___ DATA EXTRACTS ___

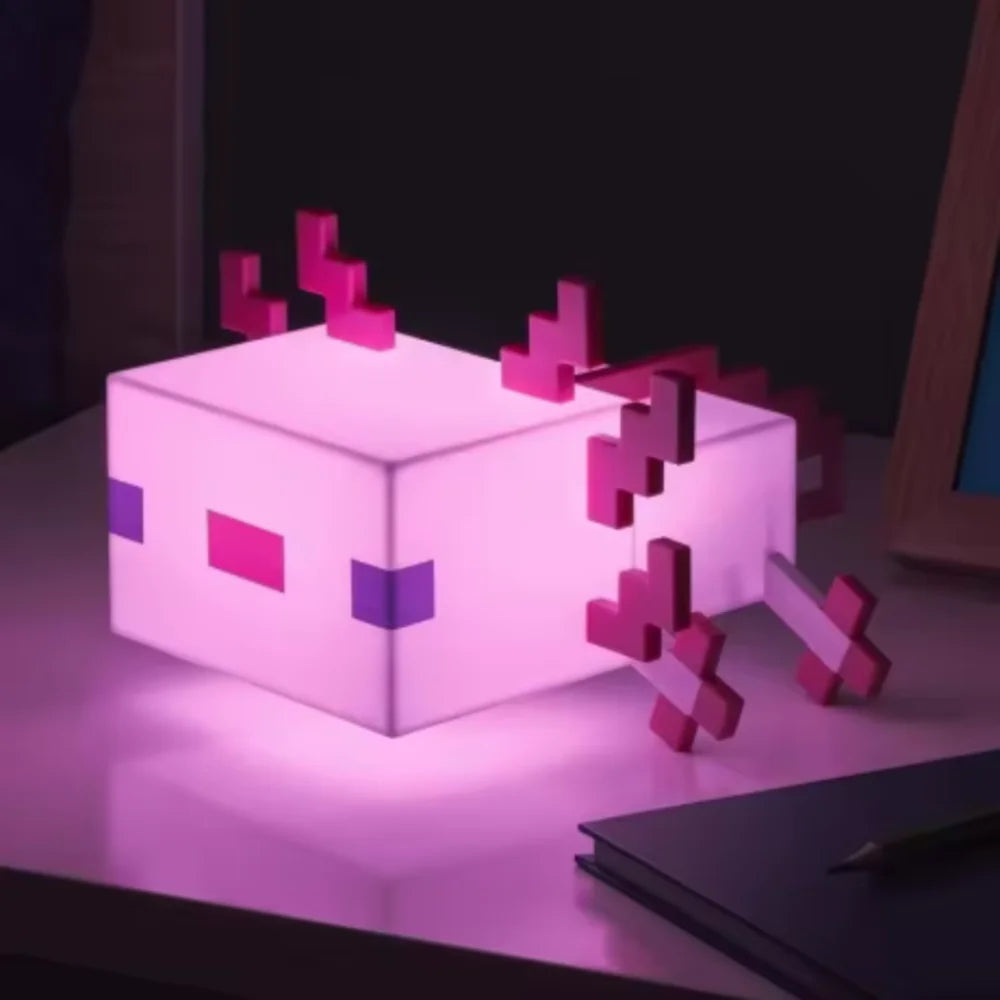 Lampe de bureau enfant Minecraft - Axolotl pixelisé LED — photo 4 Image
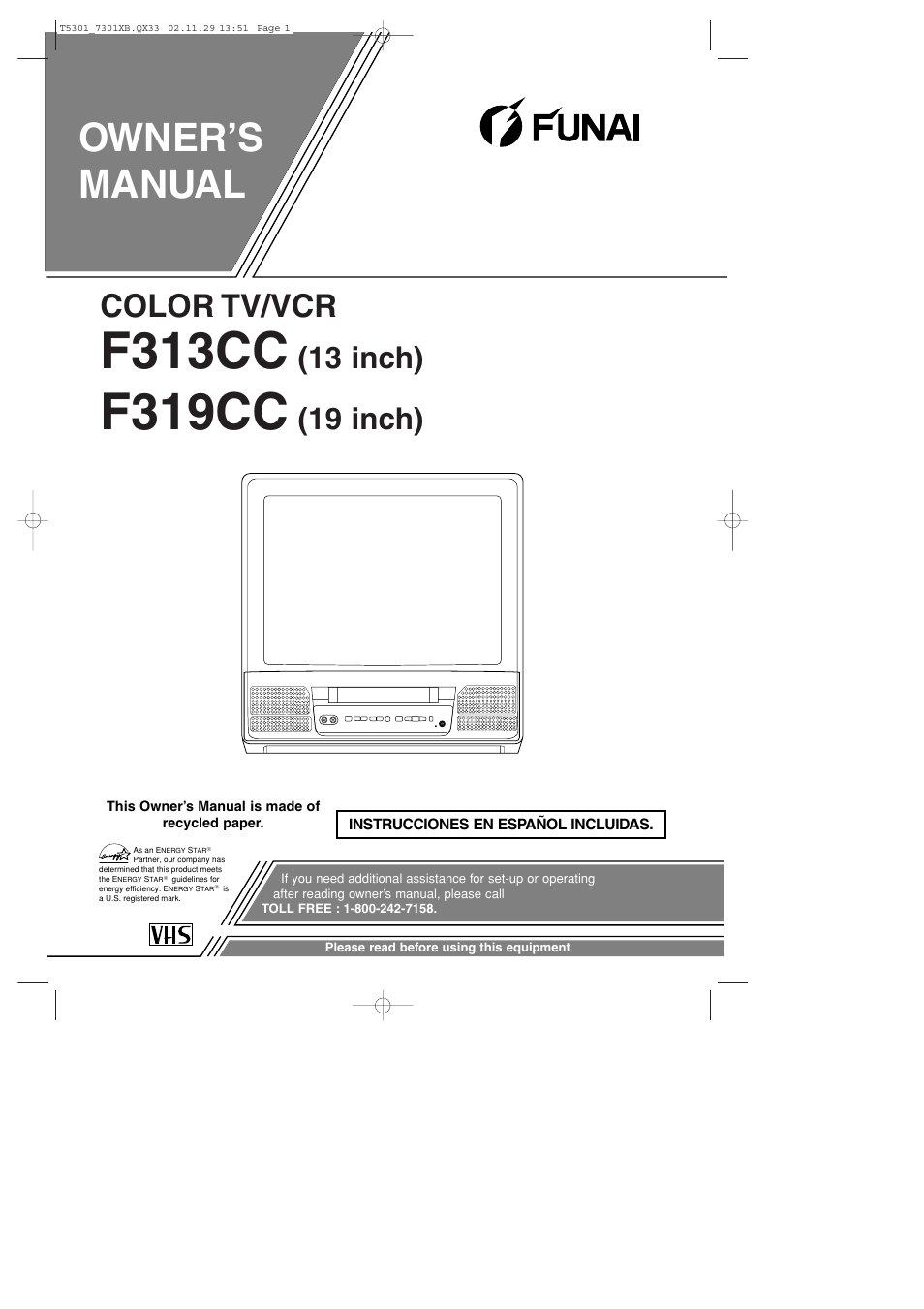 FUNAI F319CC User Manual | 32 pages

___
___ DATA EXTRACTS ___

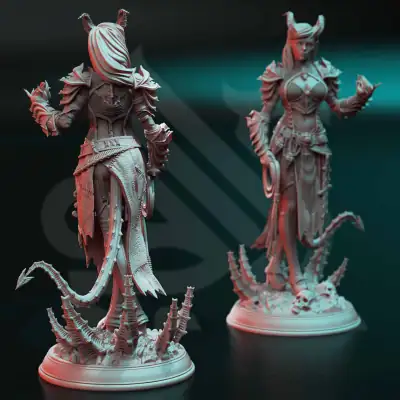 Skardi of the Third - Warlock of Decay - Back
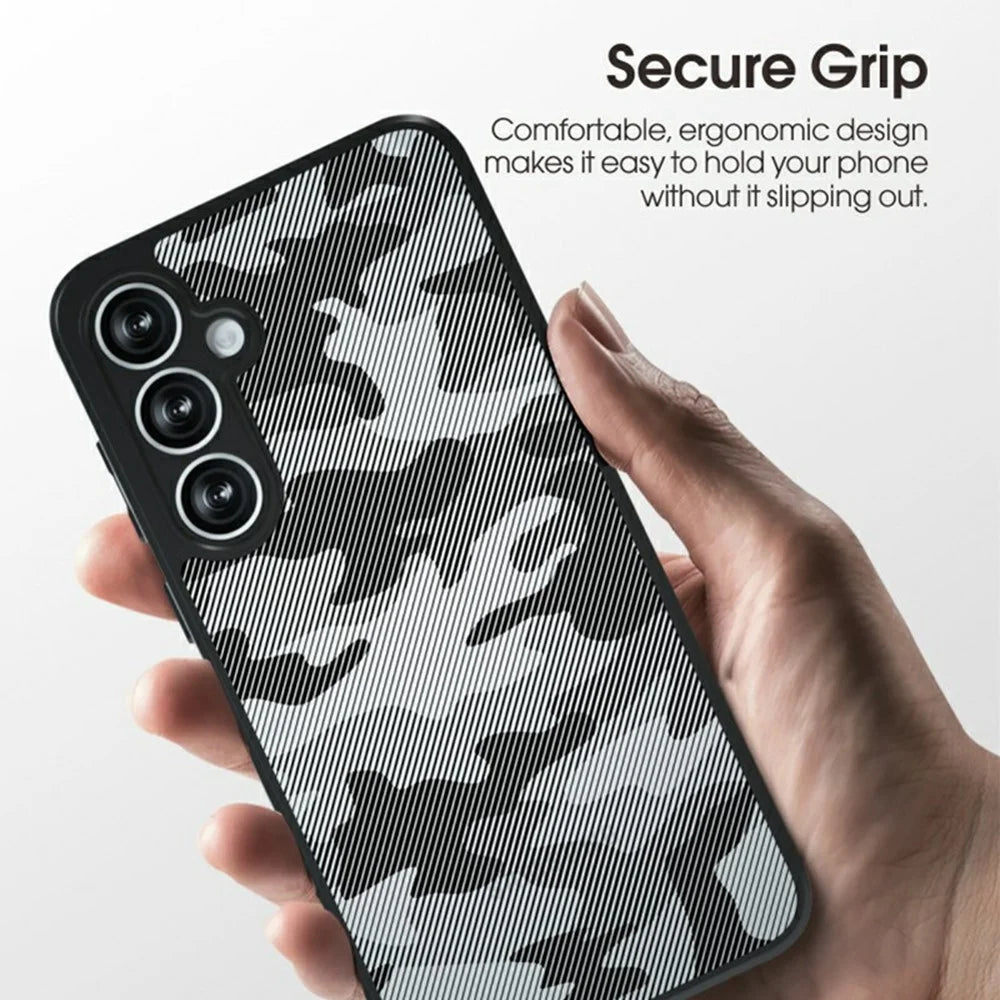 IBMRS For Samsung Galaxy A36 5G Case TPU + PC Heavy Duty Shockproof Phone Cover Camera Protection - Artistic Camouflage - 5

___

DESCRIPTION OF THE TASK ▸
Leave the pictures out, and transcribe exactly the lines above starting at the one that contains "Lampe de bureau" and ending at the one that contains "FUNAI F319CC User Manual | 32 pages".

RESPONSE FOR THIS EXERCISE ▸
 Lampe de bureau enfant Minecraft - Axolotl pixelisé LED — photo 4 Image
 FUNAI F319CC User Manual | 32 pages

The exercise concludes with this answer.